If you don't have a complete circuit, there is no path for the charging current of the cap - as minimal as it might be. So the 10 Meg or so of your voltmeter impedance serves as the ground path. The cap is trying its best to charge up through that 10 Meg. It goes slowly.

An amp is a system, not a collection of parts all sitting side by side. So testing the supply in this fashion is like testing a joke a line at a time. Like this:

A horse and a mule walk into a bar.


How is it so far?

So the horse says to the mule, "Why didn't you warn me?"

Sorry, couldn't help it.

A horse walks into a bar and orders a drink. The bartender serves him a shot. Then the bartender says, "So, why the long face?"

Thanks guys!

I know what you mean about individual ccts. vs. ccts. working in tandem. When I dissected the ccts. by function, I didn't get enough of the bias cct. into the 'suitcase' (bad metaphor )... I'll report back with my results as they become available.

"so the horse sees this Genie lamp sitting on the counter behind the bartender, and asks the bartender about it..."

Thanks a lot for all of your help folks! Using Enzo's great suggestion, and referring to my texts, I now have a (almost) useful -92Vdc for feeding the bias supply. For those that would like a Lego-block/cut-n-paste solution to a similar scenario, here is what I used:

H.V. tap1 _____470k_____1N4007_____o__________o___________o_______ __> -92Vdc > rest of bias
                                                     |                 |                 |
                                                     |                 |                 |
                                                     |               150k          33µF/400Vdc
                                                     |                 |                 |
H.V. tap2 _____470k_____1N4007_____|                 |                 |
                                                                        |                 |
                                                                        |                 |
                                                                    ground       ground


Bear in mind, the resistor from "the rest of the bias cct." will be (functionally) in parallel with the 150k resistor shown above, and this resistor's value will decrease the voltage potential (if you accept that a -92V is a higher voltage potential than say -12V). Basically, if you need more negative voltage for your bias supply using this arrangement, you need to make the resistor to ground in "the rest of the bias cct." larger, if you need less negative bias voltage then that resistor to ground needs to be smaller.

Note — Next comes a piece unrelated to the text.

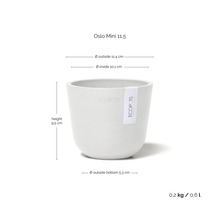 Ecopots Oslo Mini 11,5 Blumentopf mit Abmessungen: Höhe 9,5 Zentimeter, Außendurchmesser 11,4 Zentimeter und Fassungsvermögen 0,6 Liter.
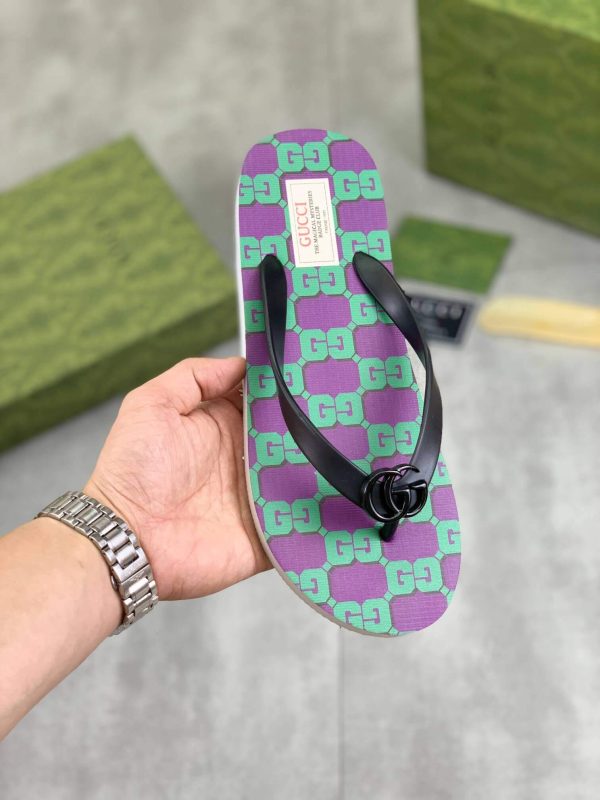 Gucci Magical Mystries Badge Thong Sandals with Double G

I will edit as necessary to ensure completeness and correctness. Other than that, this is how one may implement a FW bias supply from a high voltage secondary... Regards,
TS

Hi Tobaco soup.

Well, i don't get it, why do you use both the HV sides for your bias? And why don't you have a cap between thoses and the bias circuit. To me that doesn't look like a bias circuit but like a simple full wave rectifier with a voltage divider input.

In lieu of a bias tap, the resulting -92Vdc goes where the bias tap WOULD go (less the extra diode). Hope that helps...

The "rest of the bias" IS where the other stuff is (resistor, caps, potentiometer) that makes a plain vanilla bias supply.

I still don't get it, you don't have anything else connected to the HV tap1 and 2? If that's the case, Ok, but if not????

I don't SHOW anything else, because the B+ PS cct. isn't pertinent to deriving a bias supply voltage from the high voltage secondaries... If you feel better about it, the B+ diodes are connected at the H.V.1 & H.V.2 taps and you can fill in the rest from there (FW rectification there too). The whole point to what I was endeavoring towards, was creating a useful negative voltage bias supply from the secondaries that deliver more than 4x what a 'usual' bias tap from a transformer would provide.

Furthermore, since this is going into a (hopefully) high-gain, high-saturation, type amplifier (i.e. noisy), I reckon a FW arrangement for the bias supply may actually help a little in the noise dept. Albeit, very little. In this case, every little bit should help. Besides, I'm not going to keep from sleeping because I used an extra diode and a surplus capacitor (which isn't necessary either).